### THE PROBLEM
Give the records back in full, exactly as they read.

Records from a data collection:
╔══

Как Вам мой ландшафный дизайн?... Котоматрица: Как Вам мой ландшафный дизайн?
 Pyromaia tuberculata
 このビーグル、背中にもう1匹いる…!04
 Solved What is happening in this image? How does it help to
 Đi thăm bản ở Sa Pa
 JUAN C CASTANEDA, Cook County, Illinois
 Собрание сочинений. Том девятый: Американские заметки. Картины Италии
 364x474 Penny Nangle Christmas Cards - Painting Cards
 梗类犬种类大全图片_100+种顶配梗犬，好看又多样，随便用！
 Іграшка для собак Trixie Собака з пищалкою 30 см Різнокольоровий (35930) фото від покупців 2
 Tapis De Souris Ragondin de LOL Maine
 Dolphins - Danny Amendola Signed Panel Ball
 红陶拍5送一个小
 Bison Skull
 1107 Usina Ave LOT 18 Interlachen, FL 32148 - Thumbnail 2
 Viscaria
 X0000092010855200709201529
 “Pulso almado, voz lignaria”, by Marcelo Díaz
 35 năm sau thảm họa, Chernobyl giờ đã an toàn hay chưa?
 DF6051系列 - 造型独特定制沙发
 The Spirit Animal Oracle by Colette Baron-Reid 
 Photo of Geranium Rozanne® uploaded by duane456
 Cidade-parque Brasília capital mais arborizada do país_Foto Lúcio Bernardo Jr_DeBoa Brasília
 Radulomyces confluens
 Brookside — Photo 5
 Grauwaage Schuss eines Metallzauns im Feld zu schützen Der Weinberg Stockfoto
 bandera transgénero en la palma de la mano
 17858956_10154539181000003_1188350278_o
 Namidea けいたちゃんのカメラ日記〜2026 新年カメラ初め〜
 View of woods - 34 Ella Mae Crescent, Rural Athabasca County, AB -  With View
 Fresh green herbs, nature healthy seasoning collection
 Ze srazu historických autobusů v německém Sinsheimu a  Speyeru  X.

╚══

### RESPONSE
Как Вам мой ландшафный дизайн?... Котоматрица: Как Вам мой ландшафный дизайн?
 Pyromaia tuberculata
 このビーグル、背中にもう1匹いる…!04
 Solved What is happening in this image? How does it help to
 Đi thăm bản ở Sa Pa
 JUAN C CASTANEDA, Cook County, Illinois
 Собрание сочинений. Том девятый: Американские заметки. Картины Италии
 364x474 Penny Nangle Christmas Cards - Painting Cards
 梗类犬种类大全图片_100+种顶配梗犬，好看又多样，随便用！
 Іграшка для собак Trixie Собака з пищалкою 30 см Різнокольоровий (35930) фото від покупців 2
 Tapis De Souris Ragondin de LOL Maine
 Dolphins - Danny Amendola Signed Panel Ball
 红陶拍5送一个小
 Bison Skull
 1107 Usina Ave LOT 18 Interlachen, FL 32148 - Thumbnail 2
 Viscaria
 X0000092010855200709201529
 “Pulso almado, voz lignaria”, by Marcelo Díaz
 35 năm sau thảm họa, Chernobyl giờ đã an toàn hay chưa?
 DF6051系列 - 造型独特定制沙发
 The Spirit Animal Oracle by Colette Baron-Reid 
 Photo of Geranium Rozanne® uploaded by duane456
 Cidade-parque Brasília capital mais arborizada do país_Foto Lúcio Bernardo Jr_DeBoa Brasília
 Radulomyces confluens
 Brookside — Photo 5
 Grauwaage Schuss eines Metallzauns im Feld zu schützen Der Weinberg Stockfoto
 bandera transgénero en la palma de la mano
 17858956_10154539181000003_1188350278_o
 Namidea けいたちゃんのカメラ日記〜2026 新年カメラ初め〜
 View of woods - 34 Ella Mae Crescent, Rural Athabasca County, AB -  With View
 Fresh green herbs, nature healthy seasoning collection
 Ze srazu historických autobusů v německém Sinsheimu a  Speyeru  X.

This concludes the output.